> [Task prompt]
Only the lines from the one containing "温水洗浄機能付トイレ（全室）" through the one containing "Isuzu Elf - Рефрижератор: фото 2 Isuzu" should be printed, exactly as they appear below, with both ends included.

Task material START

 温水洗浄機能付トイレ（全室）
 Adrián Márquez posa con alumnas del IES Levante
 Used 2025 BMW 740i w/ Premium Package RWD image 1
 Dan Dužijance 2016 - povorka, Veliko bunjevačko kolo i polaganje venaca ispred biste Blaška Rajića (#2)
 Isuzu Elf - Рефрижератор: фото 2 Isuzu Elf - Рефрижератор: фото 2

Task material END
Task material START

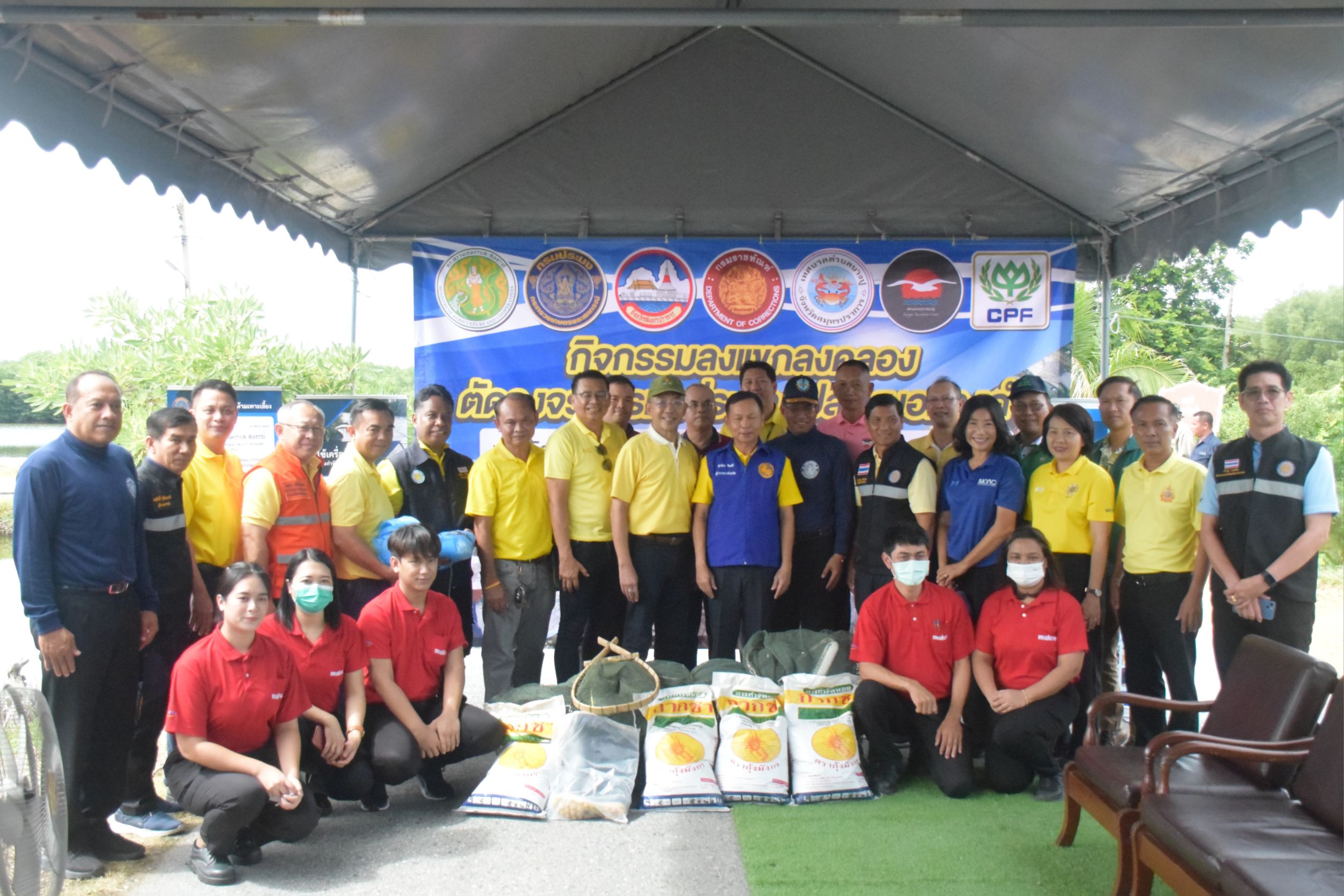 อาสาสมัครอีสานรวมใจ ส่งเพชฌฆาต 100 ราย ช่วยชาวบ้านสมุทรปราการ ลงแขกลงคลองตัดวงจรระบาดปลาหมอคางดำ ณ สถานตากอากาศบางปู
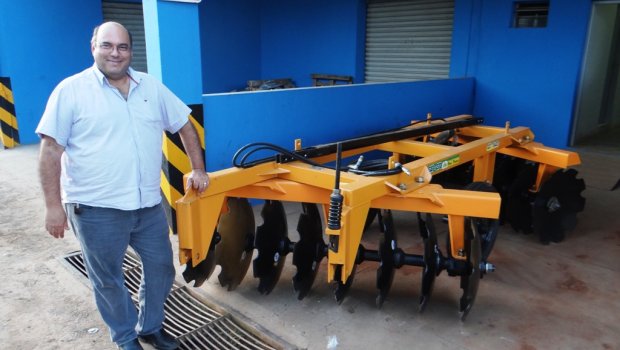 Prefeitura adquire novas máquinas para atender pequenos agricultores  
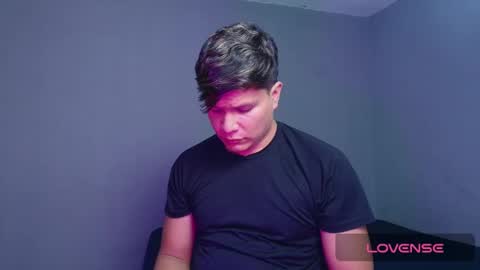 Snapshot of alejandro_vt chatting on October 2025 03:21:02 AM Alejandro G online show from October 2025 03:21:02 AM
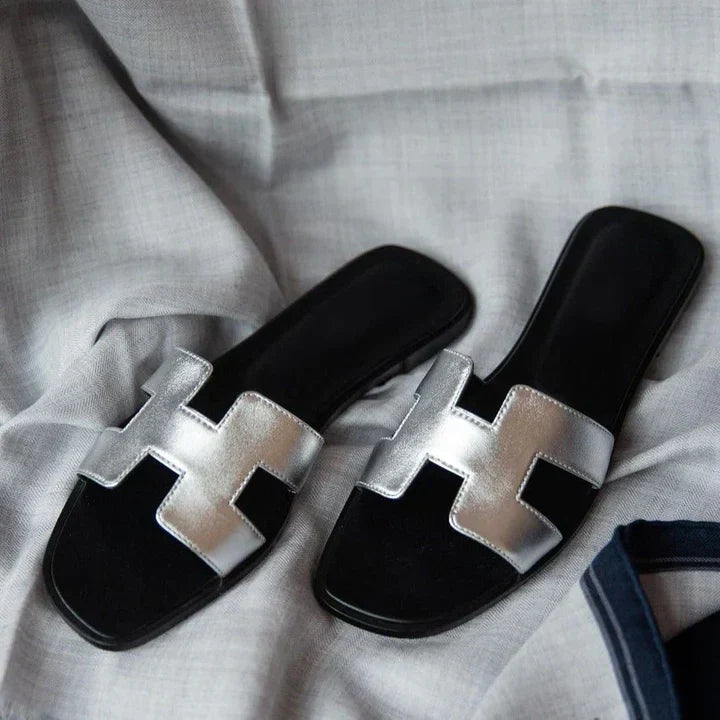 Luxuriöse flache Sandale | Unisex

Task material END

> [Written solution]
 温水洗浄機能付トイレ（全室）
 Adrián Márquez posa con alumnas del IES Levante
 Used 2025 BMW 740i w/ Premium Package RWD image 1
 Dan Dužijance 2016 - povorka, Veliko bunjevačko kolo i polaganje venaca ispred biste Blaška Rajića (#2)
 Isuzu Elf - Рефрижератор: фото 2 Isuzu Elf - Рефрижератор: фото 2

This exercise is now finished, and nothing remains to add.